Municipals end flat to weaker in spots; new issue supply dips to $5 billion ahead of holidays

By Sheri Kasprzak

New York, Dec. 15 – Municipals closed a slow session mostly flat to slightly weaker on Monday, said traders.

Amid light trading and very little primary action, yields were mostly flat, said a trader, but some spotty weakness crept in.

Some names, including recently priced Texas Transportation Commission bonds, were seen cheaper, said a trader in the afternoon.

Meanwhile, Treasuries were mixed with the 30-year bond yield climbing by 1 basis point but the five-year note yield falling by 5 bps.

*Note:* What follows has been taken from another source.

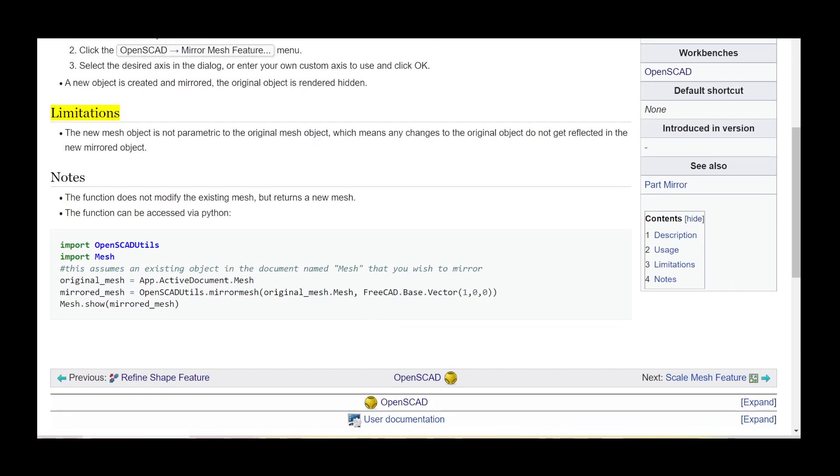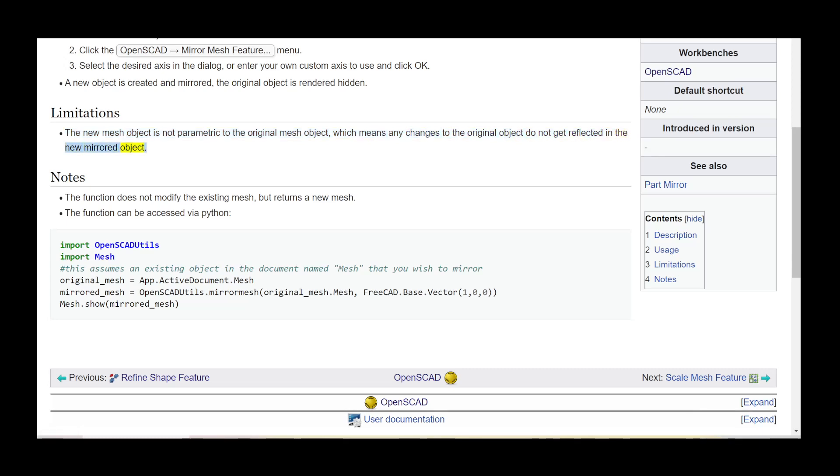Limitations: The new mesh object is not parametric to the original mesh object, which means any changes to the original object do not get reflected in the new mirrored object.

The 10-year benchmark yield fell by 2 bps.

Looking to the week ahead, new issue activity will fall to about $5 billion after two weeks of supply above $10 billion.

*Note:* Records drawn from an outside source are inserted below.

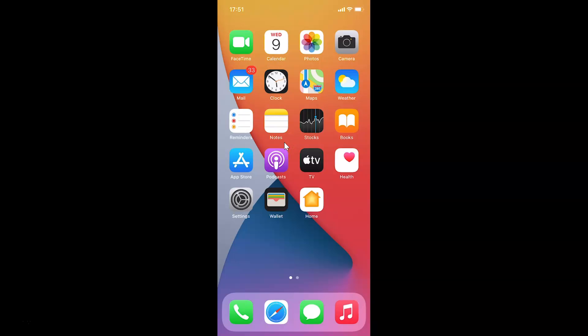Hi guys, in this video I will show you how to check the version of Google Maps installed on your iPhone and Android. First I will show you on iPhone, and after that I will show you on Android.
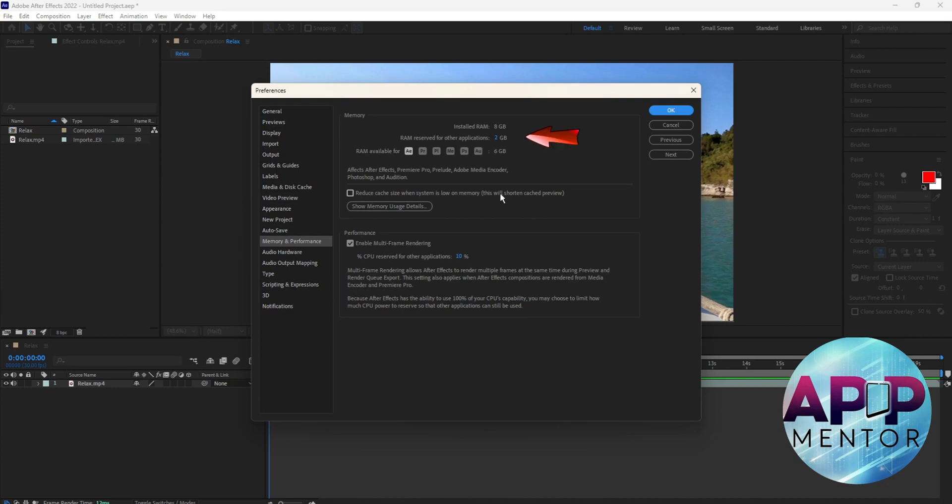Once you're here, you will see this Memory section on the RAM reserved. Slide all the way down over here.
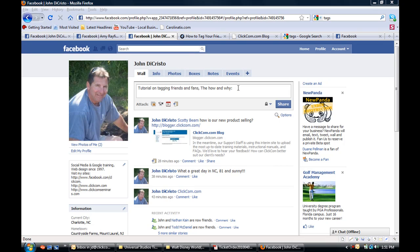Welcome back to the ClickCom video series on how to use Facebook for business. This session will cover how to tag friends or fan pages to communicate your marketing message rapidly and save time while promoting your products or services.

Dasny to sell $518.29 million

Heading up the week’s supply is a $518,285,000 offering of state personal income tax revenue bonds from the Dormitory Authority of the State of New York.

The offering includes $436.41 million of series 2014E tax-exempt bonds, $24,585,000 of series 2014F tax-exempt bonds and $57.29 million of series 2014G taxable bonds.

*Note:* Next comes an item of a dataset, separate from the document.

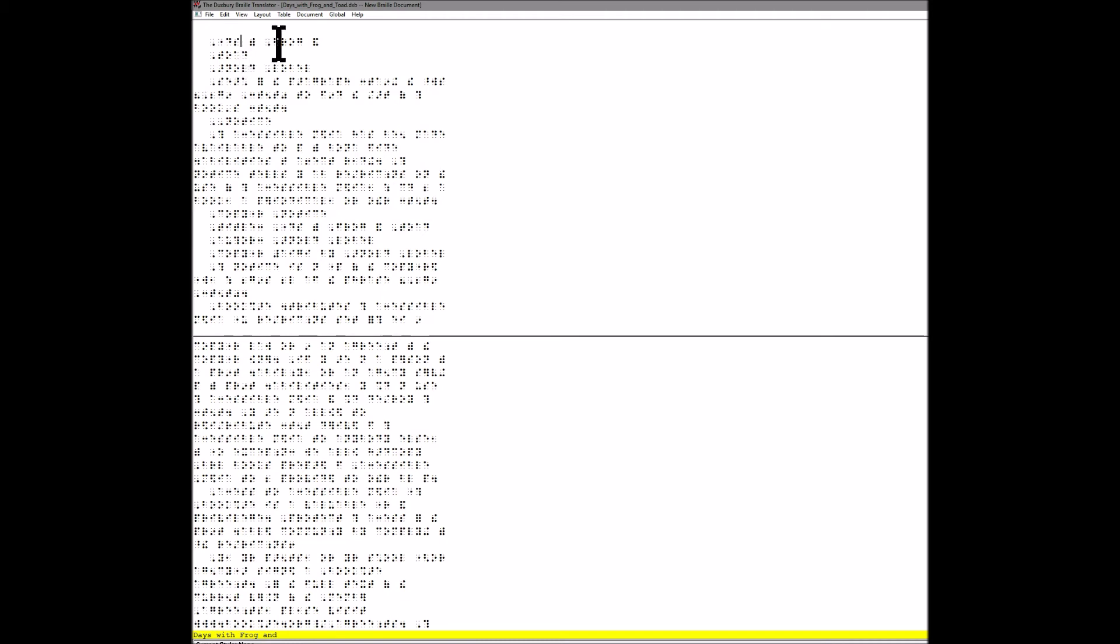When you come to this word, you're going to notice that it is uncontracted. Capital - you're going to hopefully find out that .6 is a capital. F-R-O-G, FROG. You're going to go to the next contraction and see that is AND: 1, 2, 3, 4, 6.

The bonds (Aa1/AAA/) will be sold on Tuesday through senior managers BofA Merrill Lynch, RBC Capital Markets LLC and Siebert Brandford Shank & Co. LLC.

Proceeds will finance the construction of capital projects for the state’s Office of Mental Health, as well as to refund existing bonds issued for the office.

Oil price decline hits states

Declines in oil-related revenues could negatively impact oil-producing states as oil prices continue to drop, said analysts from Fitch Ratings in a report released Monday.

Alaska, Louisiana, New Mexico and North Dakota are among the oil-producing states that could be impacted by falling oil prices.

“Although the impact varies widely, budgets for all the major oil-producing states could become less predictable in the near term if volatility in the oil markets continues,” wrote Marcy Block and Rob Rowan, senior directors, and analyst Christina Lin.

“The extent of the direct near-term fiscal impact will be dictated by the actual price’s deviation from the state’s forecast and the amount that oil production taxes contribute to the operating budget. Louisiana’s oil production and related taxes and fees made up 14% of that state’s 2013 general fund budget. Alaska’s were approximately 92%. More broadly, the decline in gasoline and heating fuels will drive increases in consumer purchases and therefore support broad-based state tax revenues across the country.”